Captain’s Log Star Date 2024.03.22

Study Progress This Week

  • The Enterprise Big Data Lake – Delivering the Promise of Big Data and Data Science
    • Chapter 1: Introduction To Data Lakes

Finding/Notes

I’m really liking this new book I am reading about Enterprise Data Lakes. There’s a lot of great information in it. The first chapter’s been super informative and I am trying to be thorough about working through it. I’ve also added Obsidian as a note taking device too and moving away from paper.

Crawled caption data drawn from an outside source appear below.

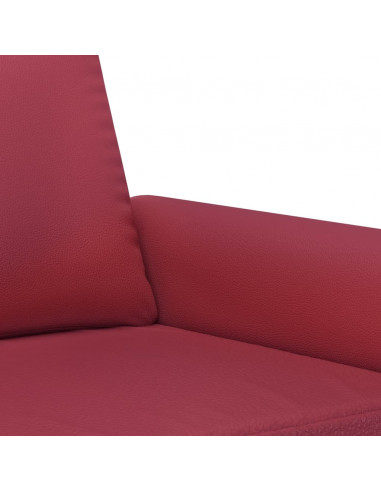 Poltrona Rosso Vino 60 cm in Similpelle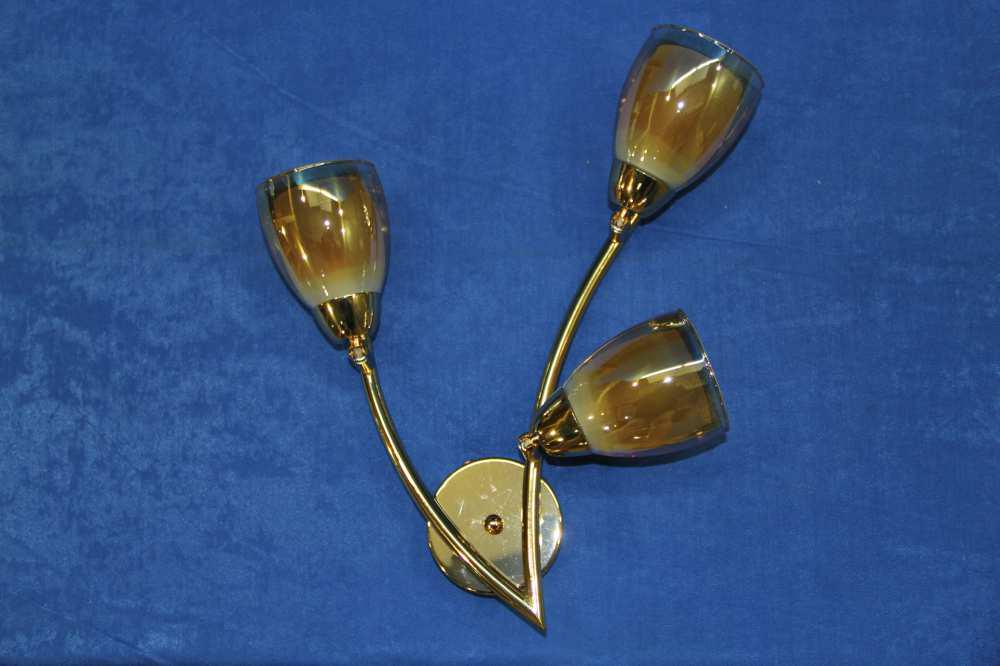 Бра с плафонами Ray B01340D/3 FGD+CR+MIX Коричневый (IR005021)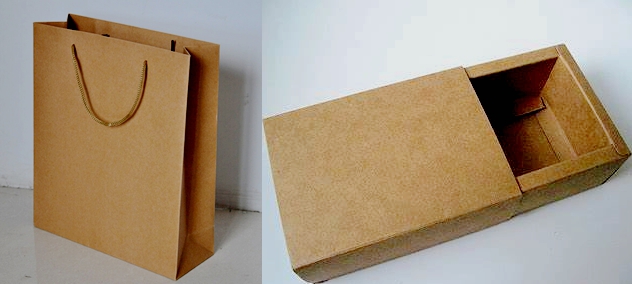 papel Unbleached original do ofício do papel de embalagem de 440g Brown para a impressão no rolo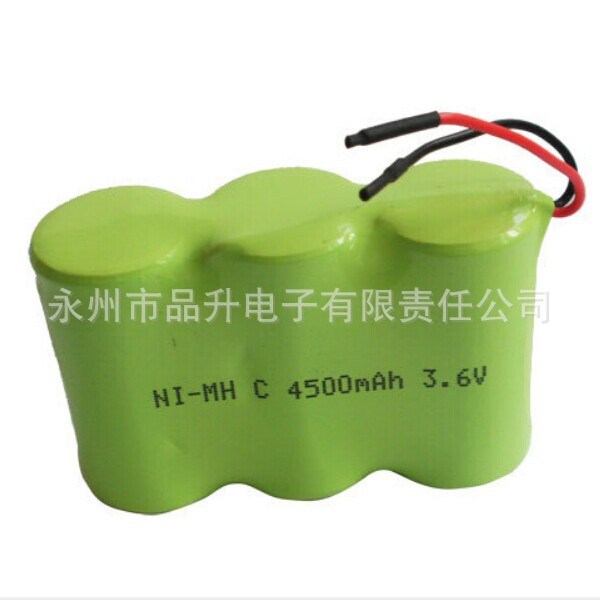 廠家訂制電池組 鎳氫/NI-MH C 型 3.6v 4000mah 可充電電池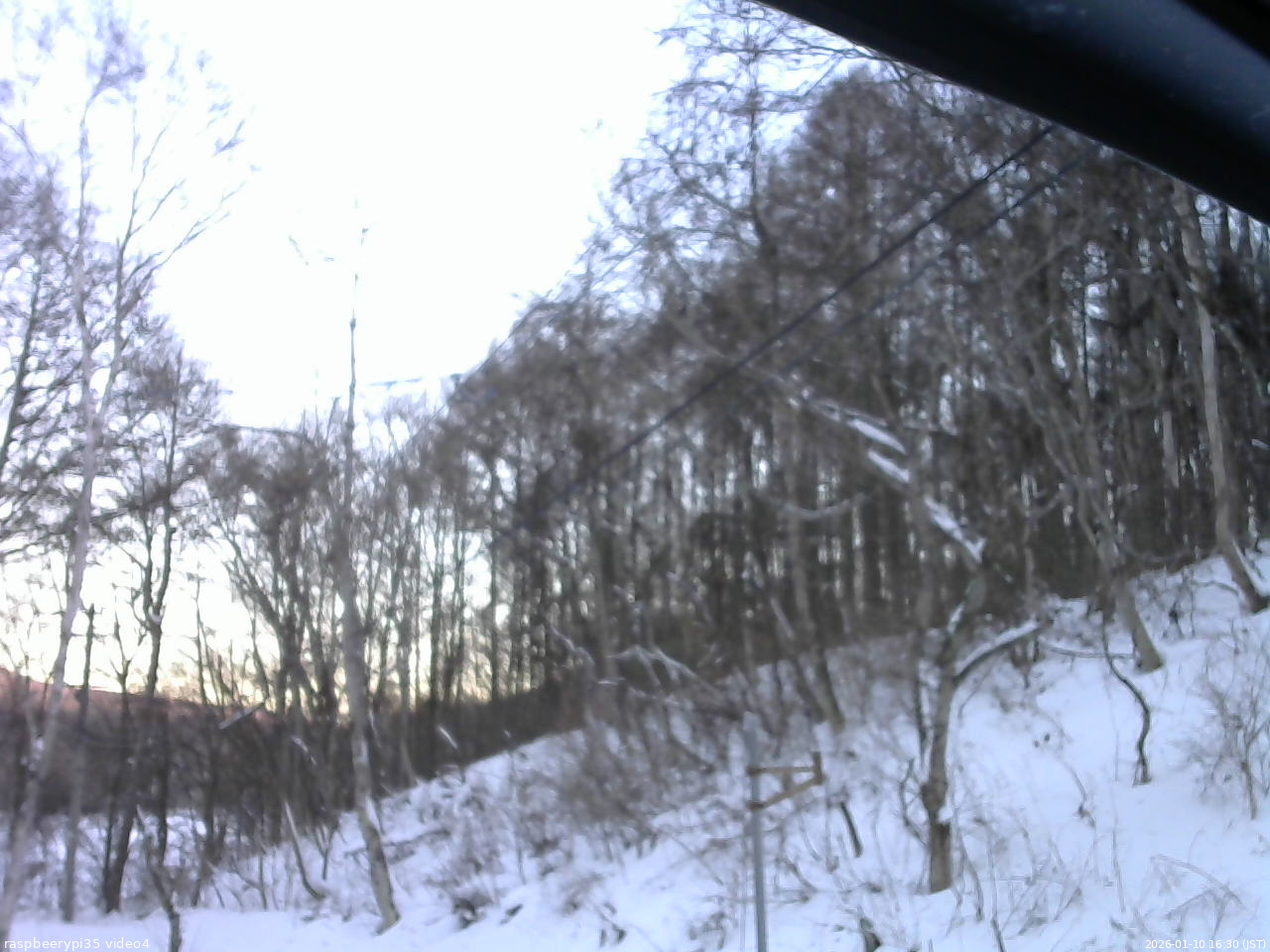 長野県菅平高原 ゆたか山荘 東側上空 2026/01/10 16:30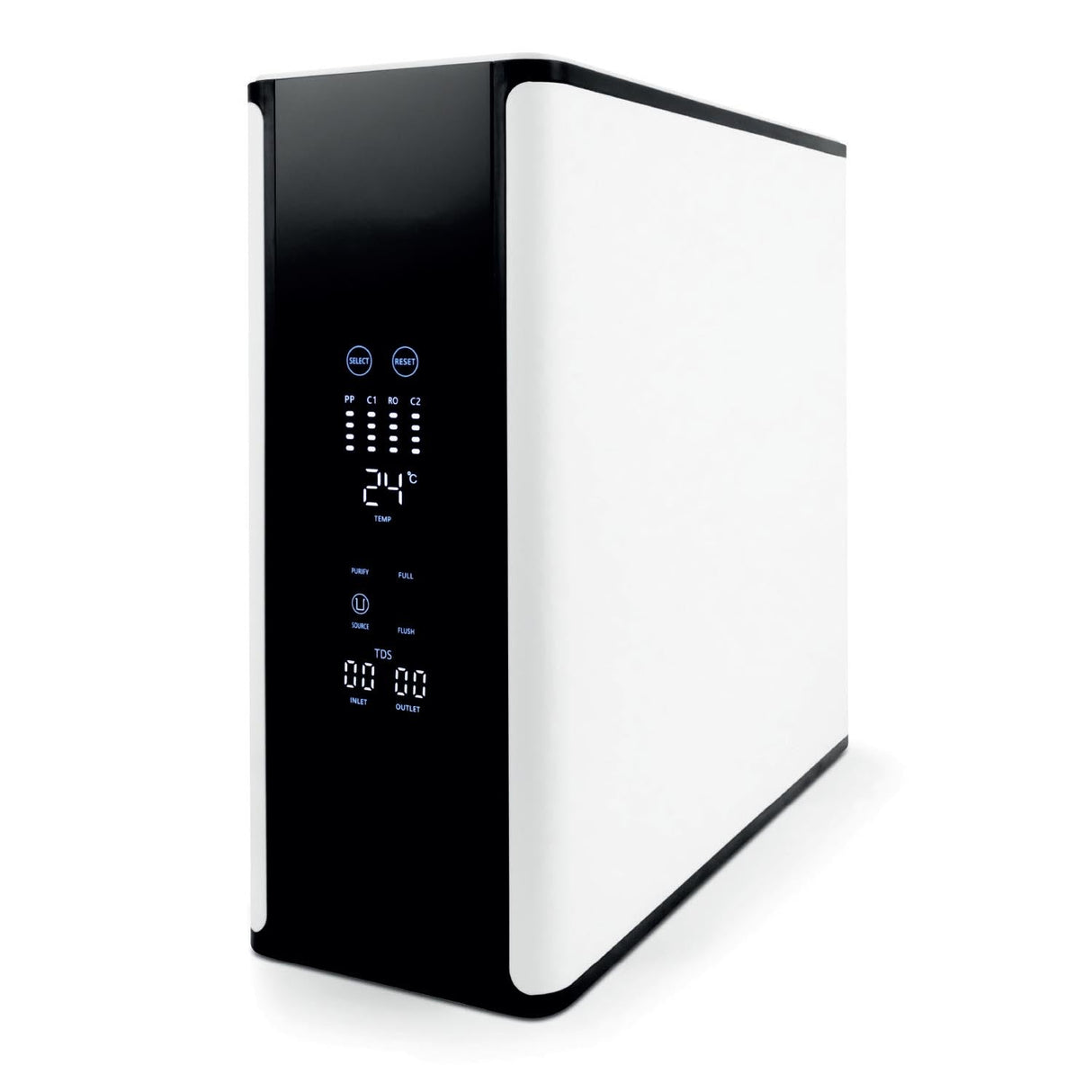 Pallas Estelle Direct Flow reverse osmosis water purification system with compact design and digital controls under sink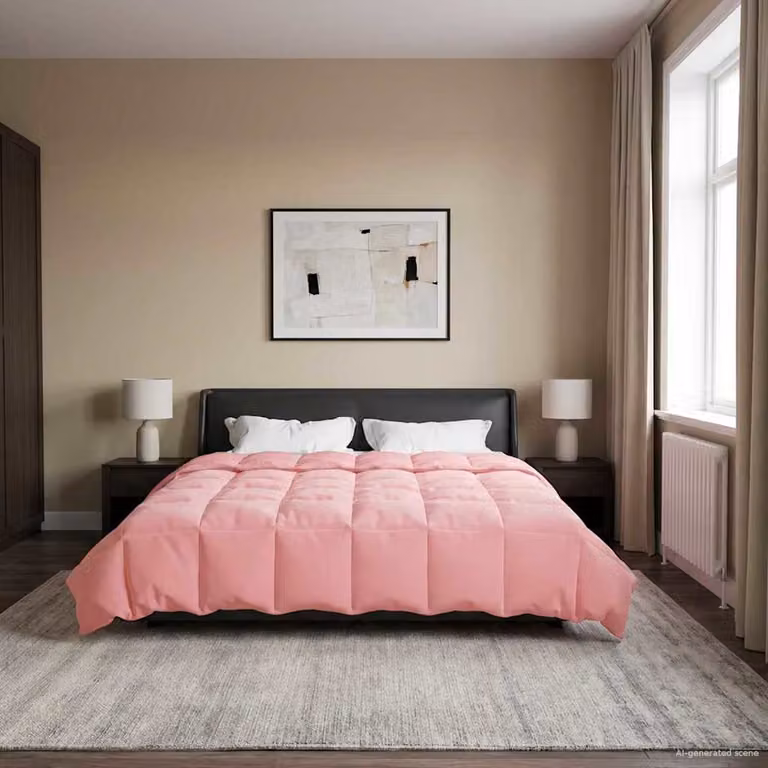 vidaXL Piumone Invernale Rosa Traspirante in Microfibra L/P: 200 x 220 cm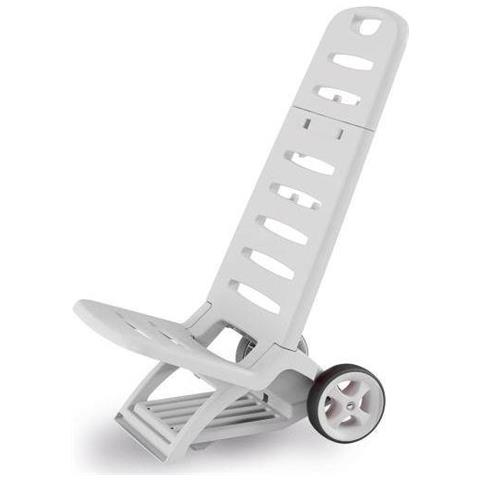 Spiaggina Trolley 2in1 Plastica 802   - Bianco - Foto 1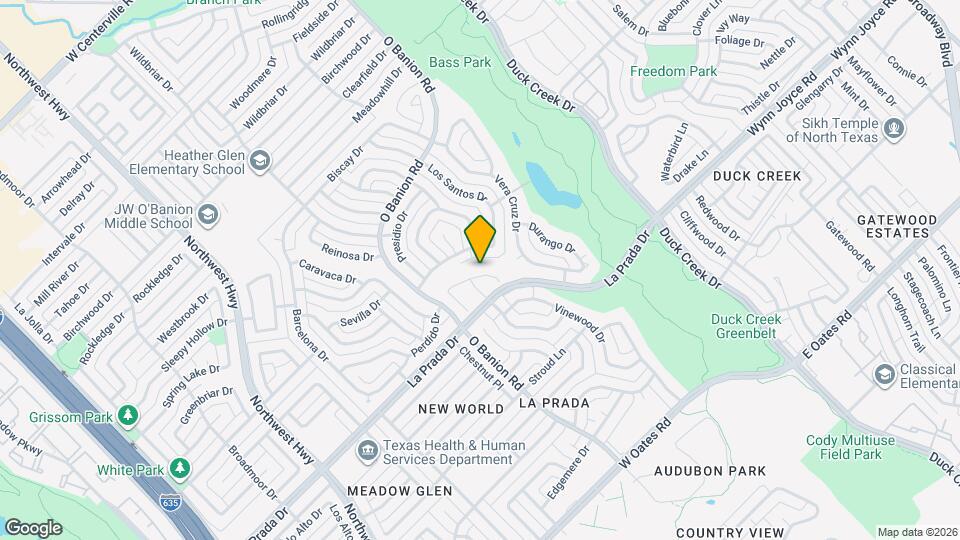 325 Crooked Creek Map and Location Details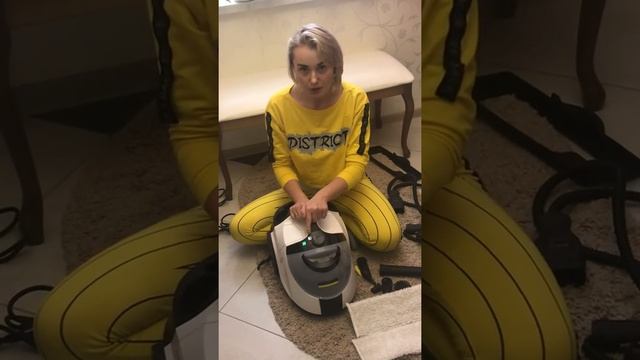 Обзор комплектации и функциональности пароочистителя  Karcher SC 5 EasyFix Premium Iron Kit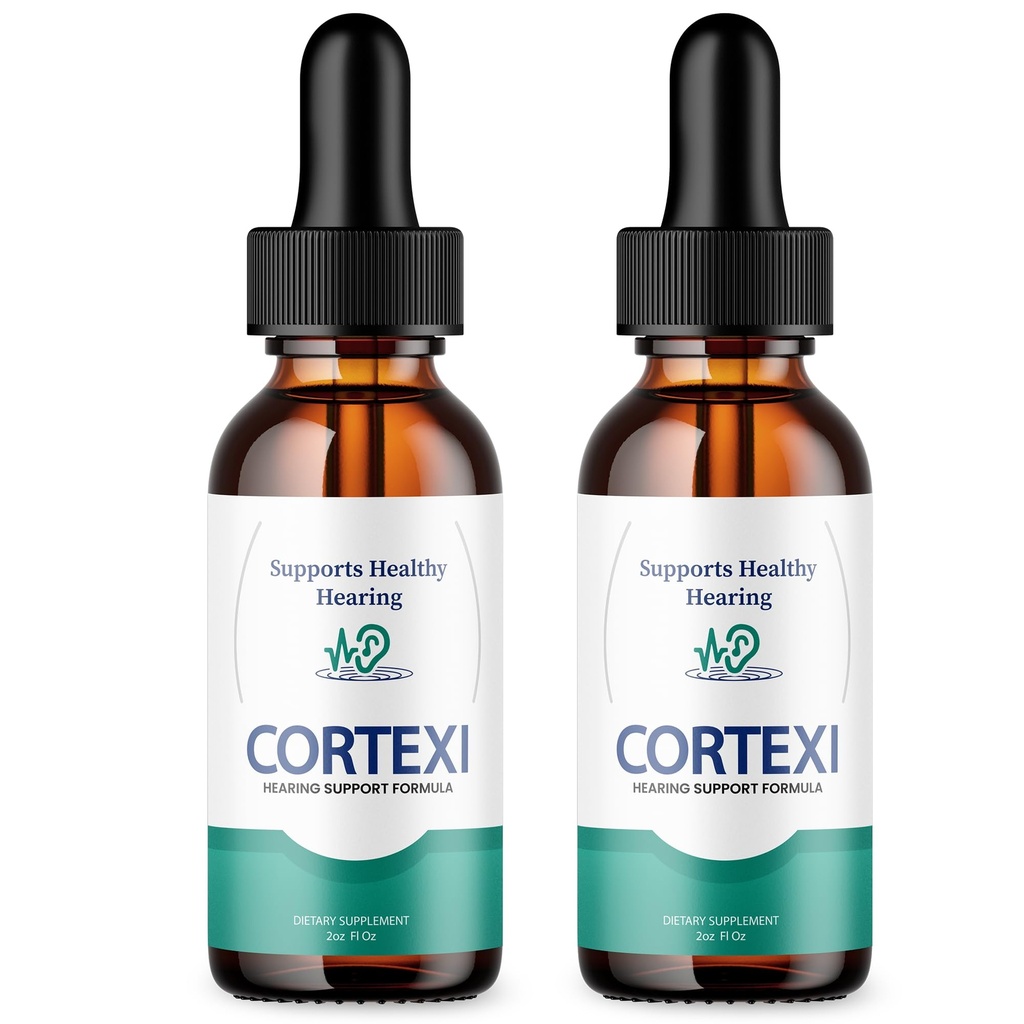 (2 Pack) Cortexi Ohr Tropfen - Offizielle Formel - Cortexi Tinnitus Behandlung Cortexi Hörgerät Tropfen, Cortexi zum Klingen in Ohren, Cortexi Ergänzung Tropfen Maximale Stärke Neu Verbessert (2 oz)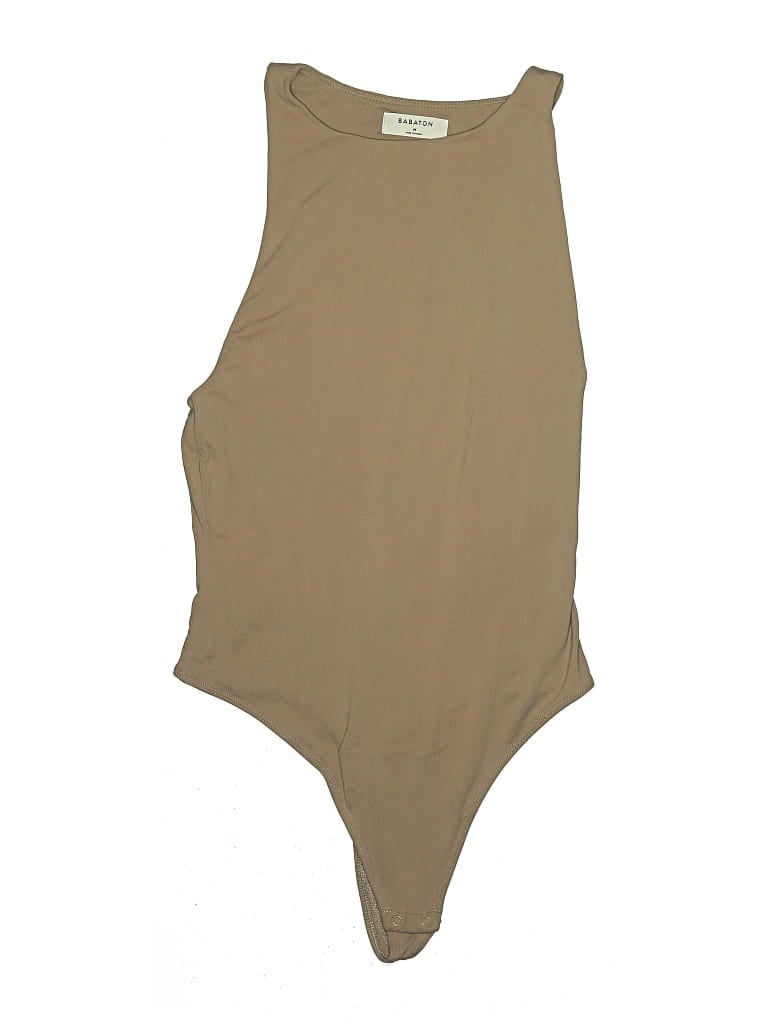 Pre-owned Babaton Bodysuit In Tan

  • Data puddles, data ponds, data lakes, data oceans, data swamps, and data silos
    • I’ve learned about the difference between these, with the ultimate goal of the data lake is to support self service and is not limited by a particular project’s scope
  • Schema on write/read
    • I know that schema on write is the standard relational database method, whereas schema on read provides frictionless ingestion is common in big data technologies.
  • Data preferences
    • I realize that data analysts prefer their data harmonized, whereas data scientists want data much more granular so they can find relationships in the data
  • Data Lake Roadmaps
    • I know that a good data lake roadmap should include standing up infrastructure, organizing data lakes by creating zones and ingesting data,  setting the data lake up for self service, and managing user access

 

DALL·E 2024-03-24 21.38.11 - Envision a data lake depicted as a serene mountain lake, but with a distinct computer theme integrated into its landscape.
DALL·E 2024-03-24 21.38.11 – Envision a data lake depicted as a serene mountain lake, but with a distinct computer theme integrated into its landscape.